No passado mês de Setembro a Rússia realizou exercícios militares, designados “Vostok 2018”, que foram considerados os maiores desde o desmembramento da União Soviética. Na ocasião, os russos convidaram os chineses a se juntarem às manobras militares. Os exercícios foram interpretados como uma demonstração de força ao “Ocidente”. Um mês depois, a Organização do Tratado do Atlântico Norte (OTAN) responde lançando as manobras “Trident Juncture 2018”, também consideradas os maiores exercícios militares da organização desde o fim da Guerra Fria. Curiosamente, o anúncio dos exercícios acontece poucos dias depois dos EUA terem anunciado a intenção de abandonar um acordo nuclear com a Rússia de há mais de três décadas. Estes eventos mostram, mais uma vez, que a premissa de a Guerra Fria ter terminado não passa de uma “ilusão”.

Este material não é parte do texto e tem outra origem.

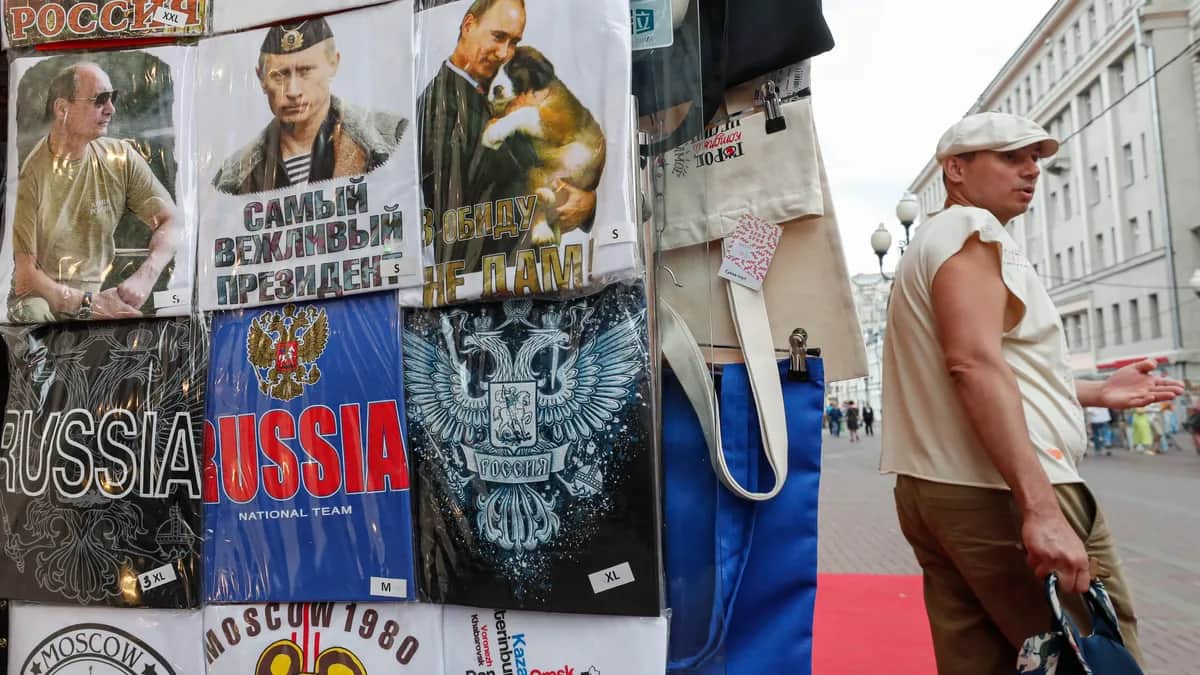 ‘Warfare often coincides with movements towards democracy’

Os manuais de relações internacionais têm retratado a “ilusão” de que a Guerra Fria, conflito que opôs o Leste e o Oeste por quase meio século, terminou no final da década de 1980 e início da década de 1990 do século passado. Tal “ilusão” é consubstanciada pelas mudanças ocorridas em dois dos maiores pilares da Guerra Fria: a queda do muro de Berlim e o desmembramento da União Soviética. Contudo, vários factos do “período pós-Guerra Fria”, agora com destaque para os exercícios militares e a intenção “trumpiana” de abandonar o acordo nuclear, fazem refutar a tese do fim da Guerra Fria. Pode é dizer-se que a dimensão ideológica foi ultrapassada. Porém, os principais actores, as suas motivações e as suas acções continuam os mesmos.
Entre os dias 11 e 17 de Setembro os russos efectuaram manobras militares cuja envergadura nunca tinha sido atingida pela herdeira da União Soviética desde 1991. Se se adicionar o elemento de terem sido conjuntas com a China, isto lembra a configuração de alianças do período da Guerra Fria onde o Pacto de Varsóvia contrabalançava a OTAN. Enquanto o Pacto de Varsóvia foi dissolvido após o desmembramento da União Soviética, a OTAN continuou a operar e até a tentar encurralar a Rússia, “roubando-lhe” os seus anteriores aliados. O “encurralamento” ocorreu por via de uma política deliberada de incentivar os antigos aliados da União Soviética a juntarem-se à UE e à OTAN. Portanto, as manobras militares conjuntas com a China podem ser percebidas como a tentativa russa de estabelecimento de uma “aliança militar” que possa dissuadir os seus adversários da OTAN que continuam a “namorar” as suas antigas esferas de influência.